When I was a kid, I used to love the proverbs we were taught in school and some have stuck on in my head till date. This proverb is one that I try to keep in mind at all times. It’s about remembering that we feel FOMO when we observe only the good or the flashy parts of someone’s lives. However, each person has his or her own struggles which we may or may not be privy to. Even for FOMO worthy experiences or things, they may not be all good. The holiday pictures that you are feeling FOMO for might have painful real life travel stories behind it like a stolen passport or bad hotels.
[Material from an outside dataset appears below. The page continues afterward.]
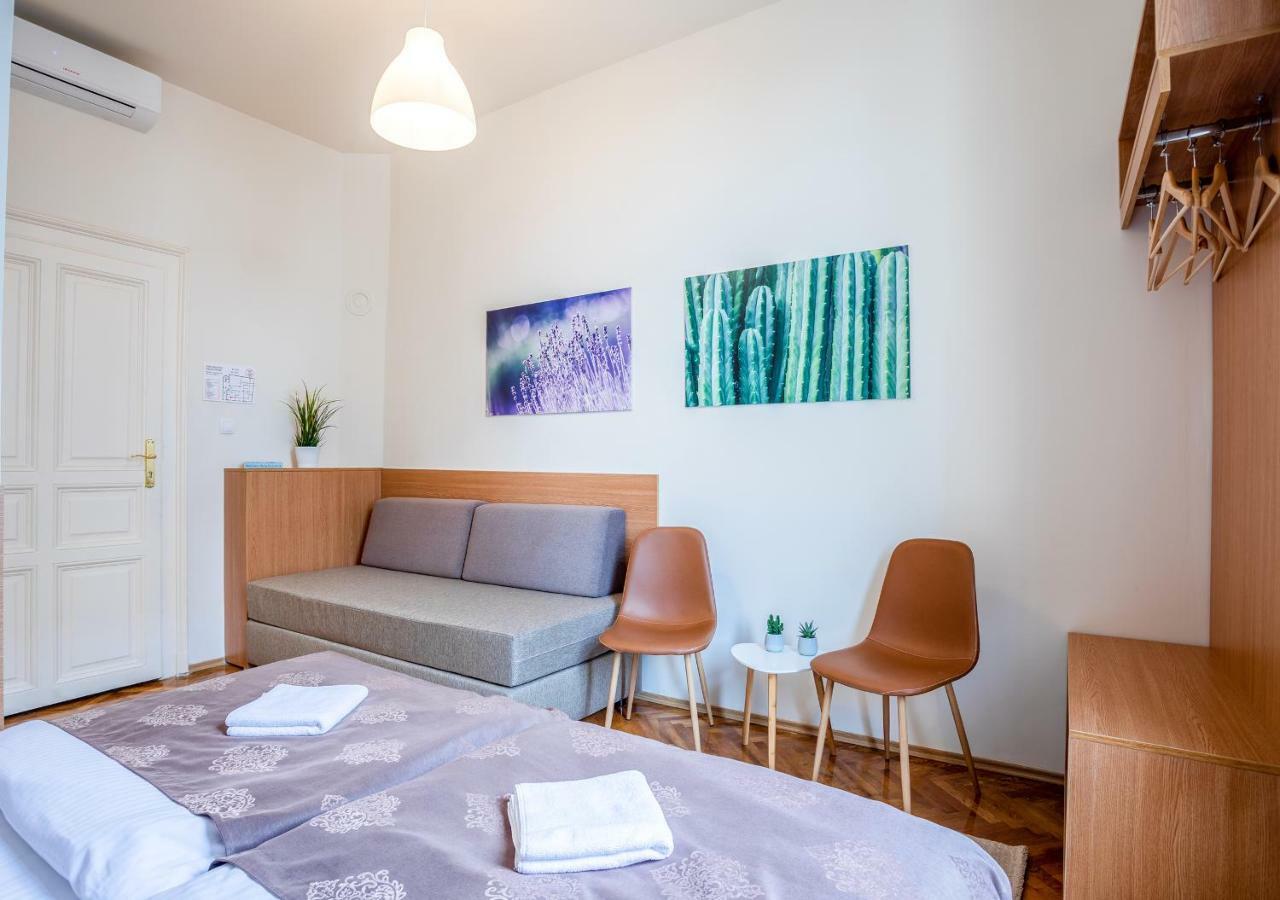 Booking En Suite 베오그라드 외부 사진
All you see is the aspect displayed out for social approval.

Counter it with gratitude

Try this out for a few days – notice your feelings and every time you think you are beginning to get that irksome feeling of FOMO, just write down one thing for which you are grateful in your life. You can do this anywhere, including a digital note on your phone. I have been keeping a gratitude log in my bullet journal for the past few months and I can vouch for the fact that I am happier with it.

Ensure you don’t miss out on the present moment

Being mentally present at the place that you are physically at, is highly important. You could very well be fretting over experiences or things that you are missing out on while being in the middle of something you could be enjoying to the fullest. One way to do this? Keep your phone away for an evening out or something which deserves your full attention.

Try to de addict from social media and your mobile phone

I might now be sounding like a broken record but I can’t stress on this enough. I have observed so many of my friends and colleagues mindlessly browsing through social media feeds. I am not innocent on this count either especially when it comes to being a semi addict with my phone. However, I consciously try to not look at my phone consistently, especially on weekends. Similarly, with social media, I do not believe in the extreme measure of completely deactivating accounts. Most people end up going back at it with a vengeance. I have found uninstalling the apps to be a big help in itself as the browser interface is just not as good or as addictive.

Just the realisation of the moments that you are being a victim of FOMO and a conscious call to reduce that feeling is going to take you on the right path. Start with small but consistent measures and you will feel the burden of showcasing you are having as much fun and getting in on all experiences possible lifting from your shoulders.